Please output the following records exactly. Leave every image out.

+++ Information given

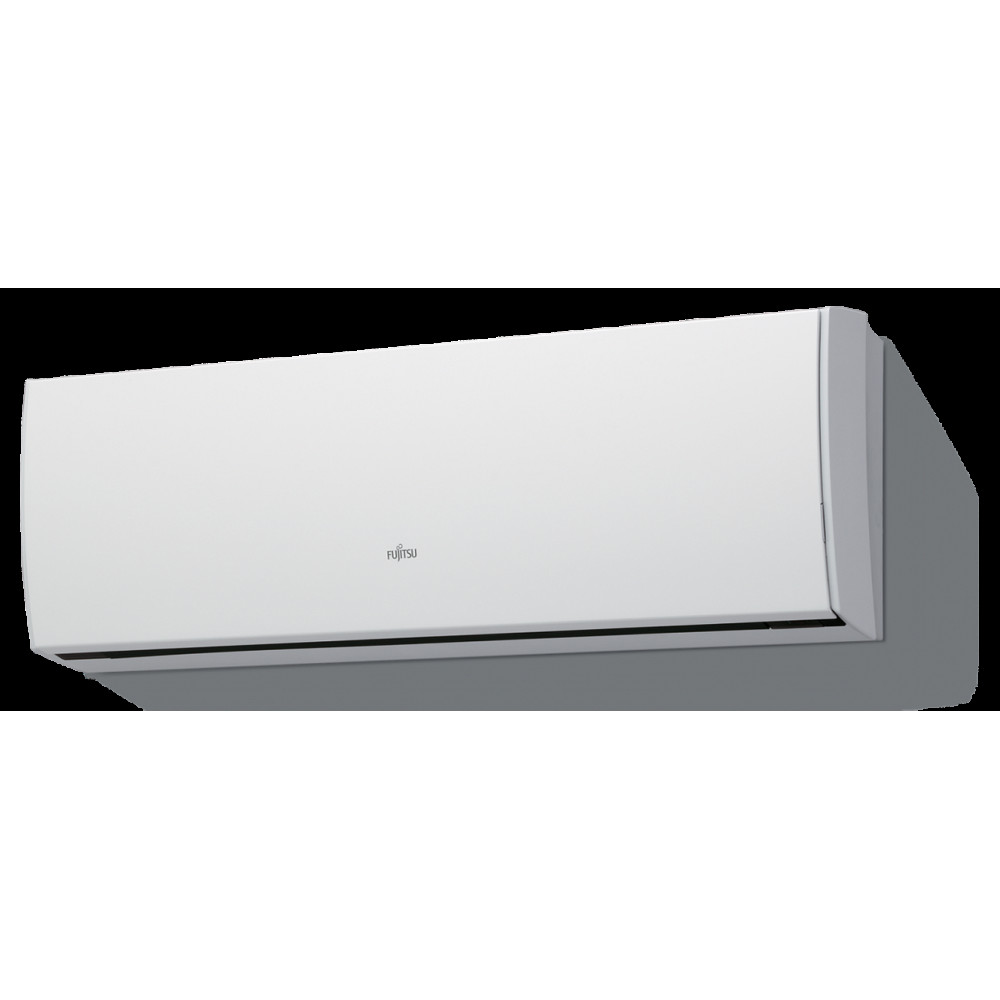 Сплит-система FUJITSU asyg14ltcb/aoyg14ltcn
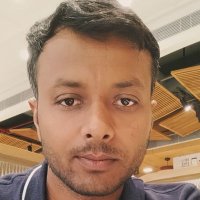 चौधरी सिन्टू यादव (@chaudharysintu1) 's Twitter Profile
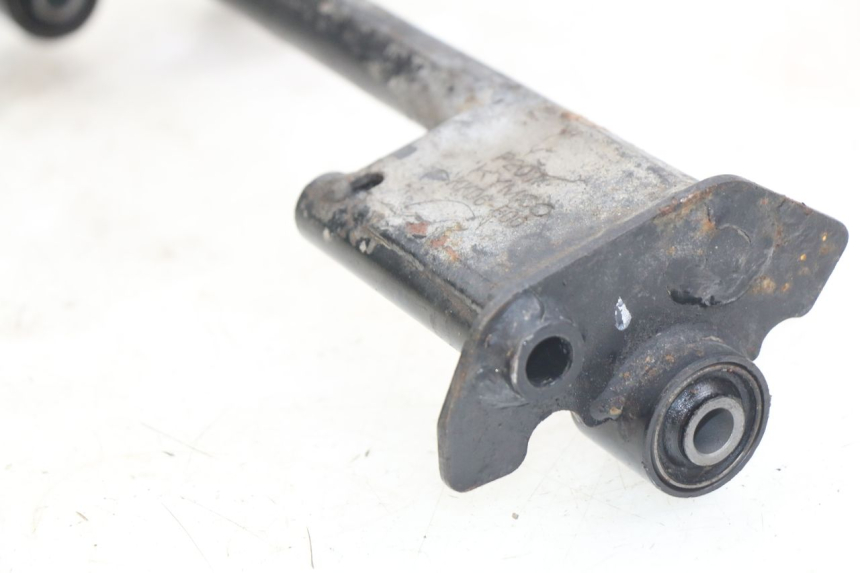 photo de SUPPORT MOTEUR KYMCO VITALITY 2T 50 (2004 - 2010)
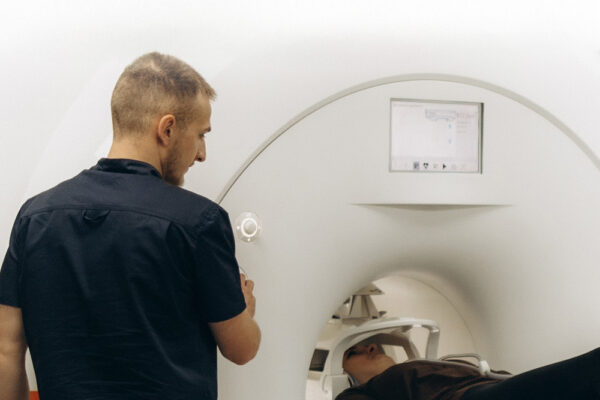 rezonanța magnetică cu protocol de endometrioză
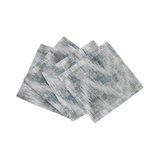 Cotton Blend Square Napkins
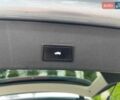 Сірий Ауді Ку 5, об'ємом двигуна 2 л та пробігом 221 тис. км за 12600 $, фото 27 на Automoto.ua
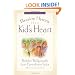 Passion Hymns for a Kid's Heart (Hymns for a Kid's Heart, Vol. 4)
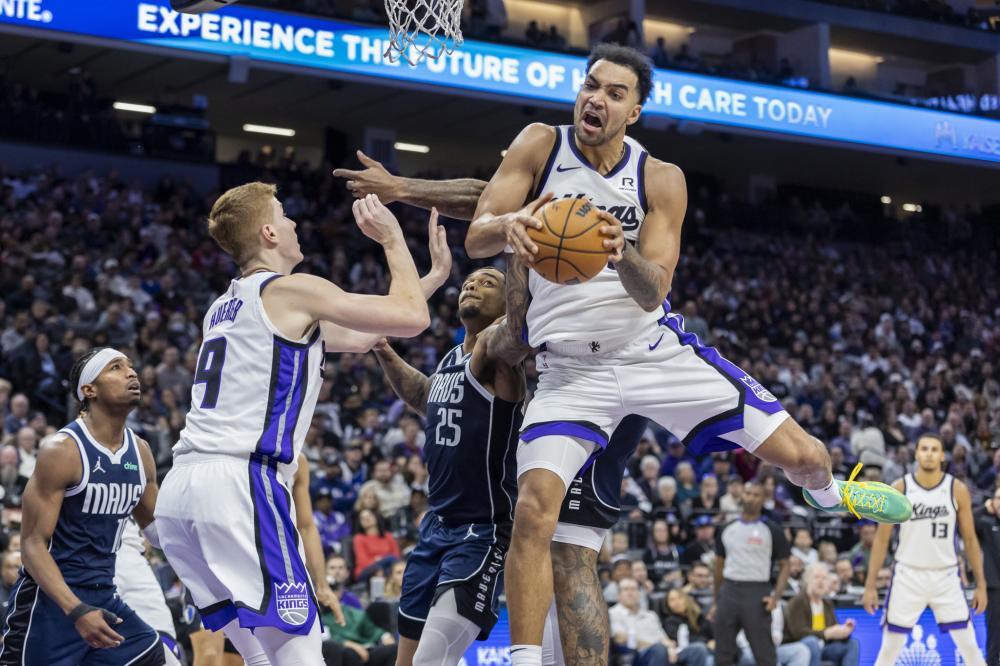 带来了无尽 带来了无尽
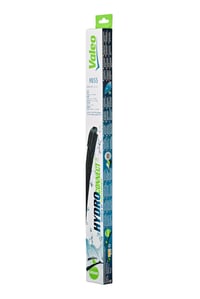 Stierač Valeo Hydroconnect HU55 – 550 mm – predná náprava – 1 ks 6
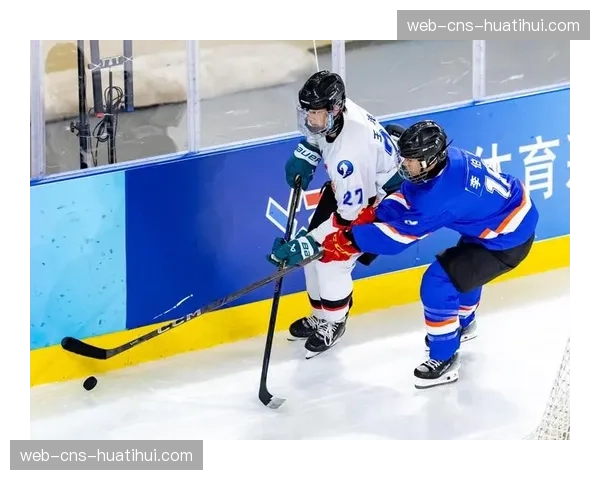 独家：NHL考虑在2028年于欧洲斯德哥尔摩举办常规赛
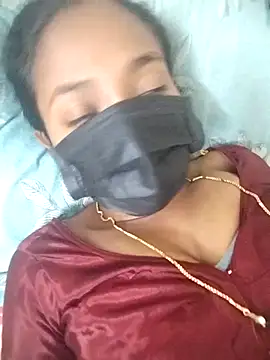 Jyotilakshmi online show from 04-09-26, 06:13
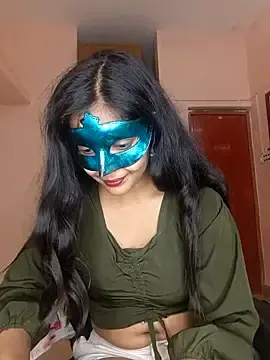 Stripchat Live Porn of Babbyy_doll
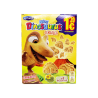 DINOSAURUS MINI CEREALES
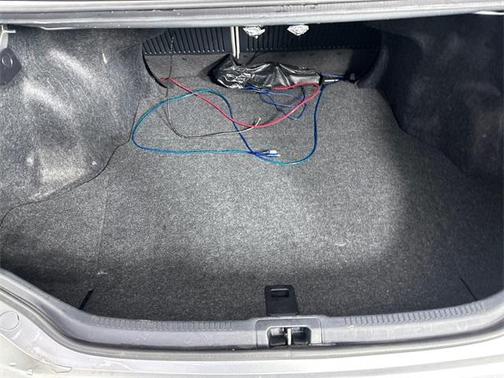 2015 Toyota Camry XSE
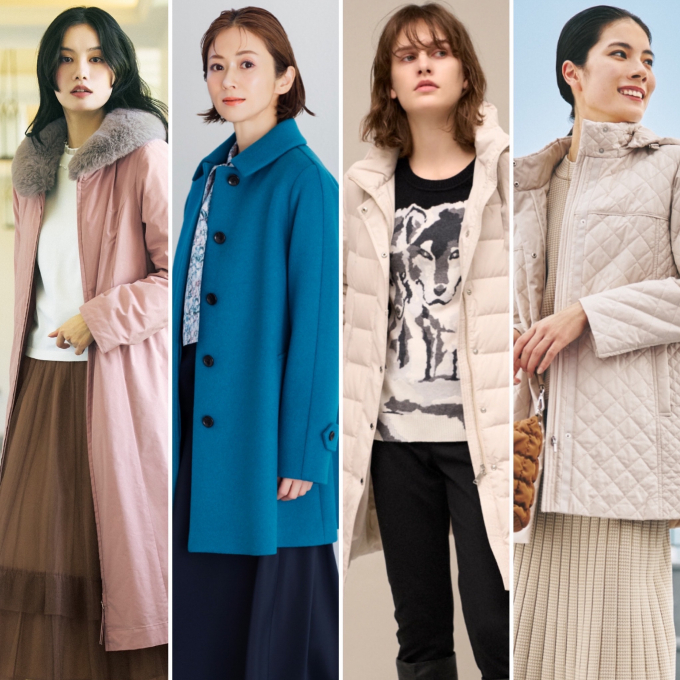 SANYO Style STORE スペシャルバーゲン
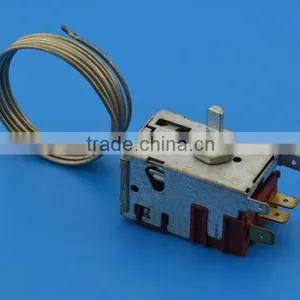 Freezer Thermostat thumbnail-1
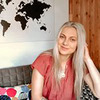 разместить рекламу в блоге Лиза Мока разместить рекламу в блоге Лиза Мока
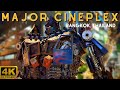 Explore A Major Cineplex With IMAX In Bangkok Thailand Major Cineplex And Avenue In Ratchayothin
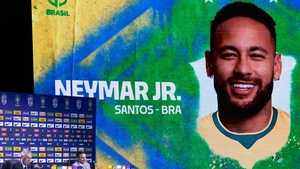 Ce probleme are Neymar înainte de Campionatul Mondial 2026. Brazilia are nevoie de altă tactică?!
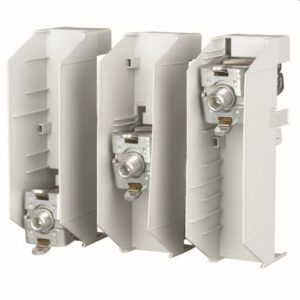 EATON - Access. jeu de barr. BBA - 107185
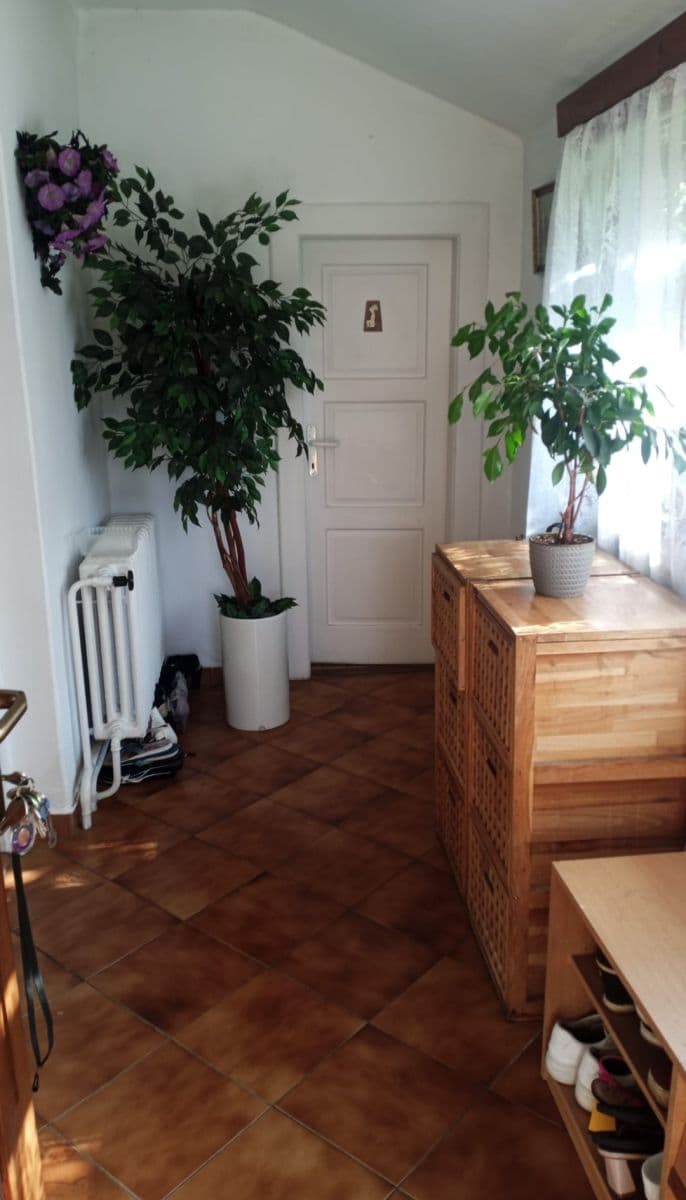 Prodej domu 119 m², pozemek 900 m², Vlastějovice, Středočeský kraj Prodej domu 119 m², pozemek 900 m², Vlastějovice, Středočeský kraj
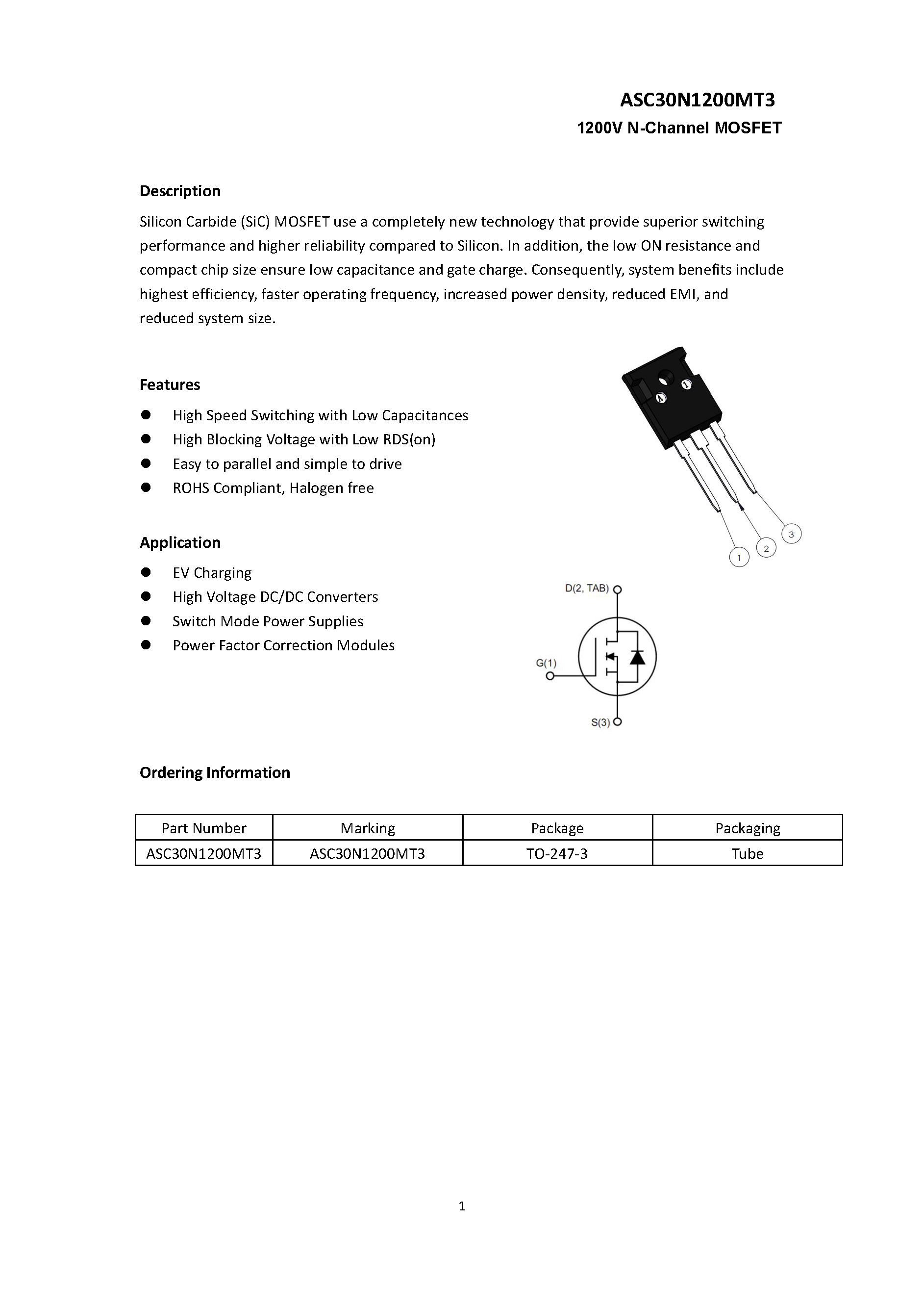 ASC30N1200MT3-1_页面_1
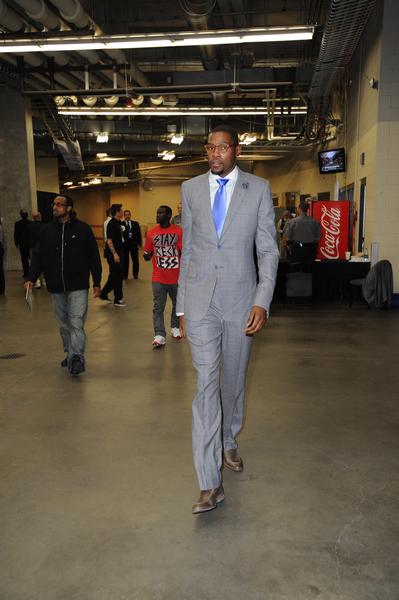 巴萨中场一 巴萨中场一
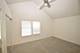 1644 Stockton, Crystal Lake, IL 60014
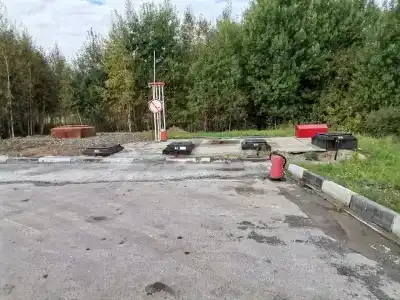 Гостиный двор - 22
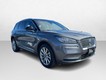 2022 Lincoln Corsair Standard thumbnail image 03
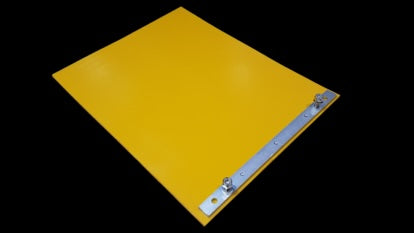 TEGELTRILMAT CFP 14W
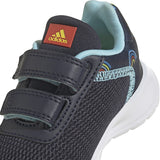 adidas Tensaur Run 2.0 Infant Sneakers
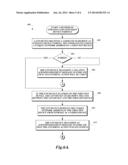 Systems and Methods for Exchanging USB Information With Selected Remote     Devices diagram and image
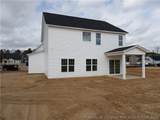 4729 Scenic Pines Drive - Photo 26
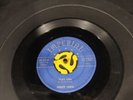 Smiley Lewis, big mamou, play girl IMPERIAL 7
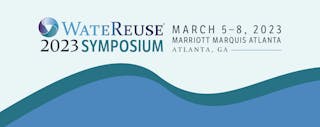 Water Ruse Symposium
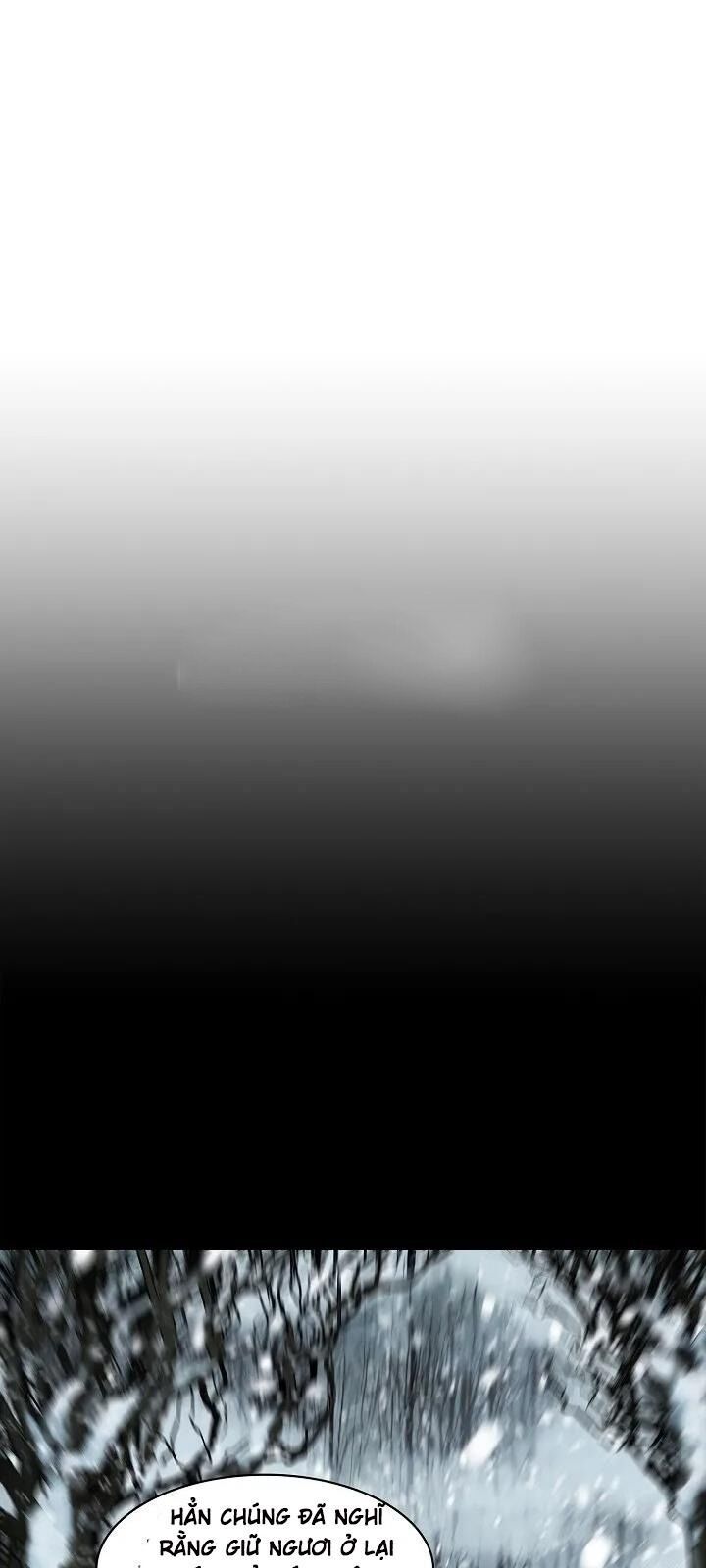 đọc truyện Bất Bại Chân Ma Chương 64 ảnh 22 tại Thiên Thai Truyện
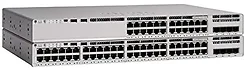 Cisco-C9200L-24P-4X-E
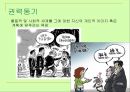 동기의 종류, 유형, 요인 분석 16페이지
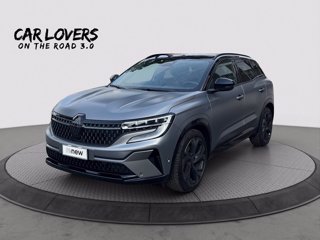 RENAULT Austral 1.2 e-tech full hybrid techno esprit alpine 200cv auto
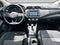 2025 Nissan VERSA 4P SENSE L41.6 AUT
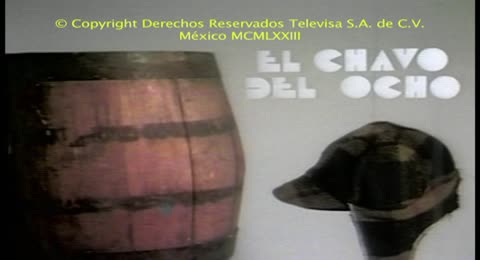 Assistir Chaves 1x9 Online Gr  tis   Flixa Online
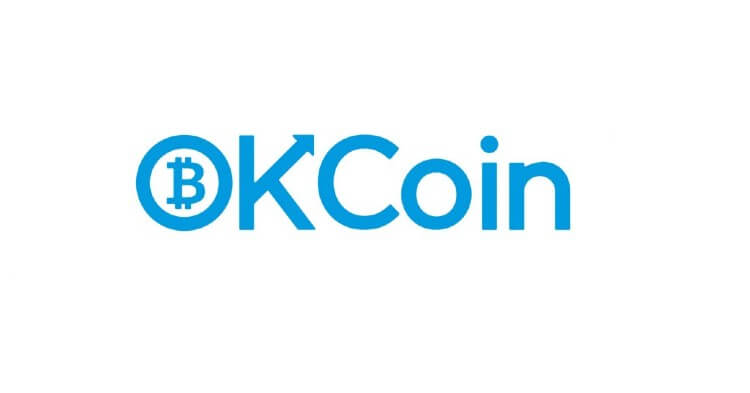 OKCoin anunció cambio de imagen y adopción de DOGE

++++++

Solution to this problem
 Сплит-система FUJITSU asyg14ltcb/aoyg14ltcn
 चौधरी सिन्टू यादव (@chaudharysintu1) 's Twitter Profile
 photo de SUPPORT MOTEUR KYMCO VITALITY 2T 50 (2004 - 2010)
 rezonanța magnetică cu protocol de endometrioză
 Cotton Blend Square Napkins
 Сірий Ауді Ку 5, об'ємом двигуна 2 л та пробігом 221 тис. км за 12600 $, фото 27 на Automoto.ua
 Passion Hymns for a Kid's Heart (Hymns for a Kid's Heart, Vol. 4)
 带来了无尽 带来了无尽
 Stierač Valeo Hydroconnect HU55 – 550 mm – predná náprava – 1 ks 6
 独家：NHL考虑在2028年于欧洲斯德哥尔摩举办常规赛
 Jyotilakshmi online show from 04-09-26, 06:13
 Stripchat Live Porn of Babbyy_doll
 DINOSAURUS MINI CEREALES
 2015 Toyota Camry XSE
 SANYO Style STORE スペシャルバーゲン
 Freezer Thermostat thumbnail-1
 разместить рекламу в блоге Лиза Мока разместить рекламу в блоге Лиза Мока
 Explore A Major Cineplex With IMAX In Bangkok Thailand Major Cineplex And Avenue In Ratchayothin
 Ce probleme are Neymar înainte de Campionatul Mondial 2026. Brazilia are nevoie de altă tactică?!
 EATON - Access. jeu de barr. BBA - 107185
 Prodej domu 119 m², pozemek 900 m², Vlastějovice, Středočeský kraj Prodej domu 119 m², pozemek 900 m², Vlastějovice, Středočeský kraj
 ASC30N1200MT3-1_页面_1
 巴萨中场一 巴萨中场一
 1644 Stockton, Crystal Lake, IL 60014
 Гостиный двор - 22
 2022 Lincoln Corsair Standard thumbnail image 03
 TEGELTRILMAT CFP 14W
 adidas Tensaur Run 2.0 Infant Sneakers
 Systems and Methods for Exchanging USB Information With Selected Remote     Devices diagram and image
 4729 Scenic Pines Drive - Photo 26
 Smiley Lewis, big mamou, play girl IMPERIAL 7
 Water Ruse Symposium
 đọc truyện Bất Bại Chân Ma Chương 64 ảnh 22 tại Thiên Thai Truyện
 Cisco-C9200L-24P-4X-E
 동기의 종류, 유형, 요인 분석 16페이지
 RENAULT Austral 1.2 e-tech full hybrid techno esprit alpine 200cv auto
 2025 Nissan VERSA 4P SENSE L41.6 AUT
 Assistir Chaves 1x9 Online Gr  tis   Flixa Online
 OKCoin anunció cambio de imagen y adopción de DOGE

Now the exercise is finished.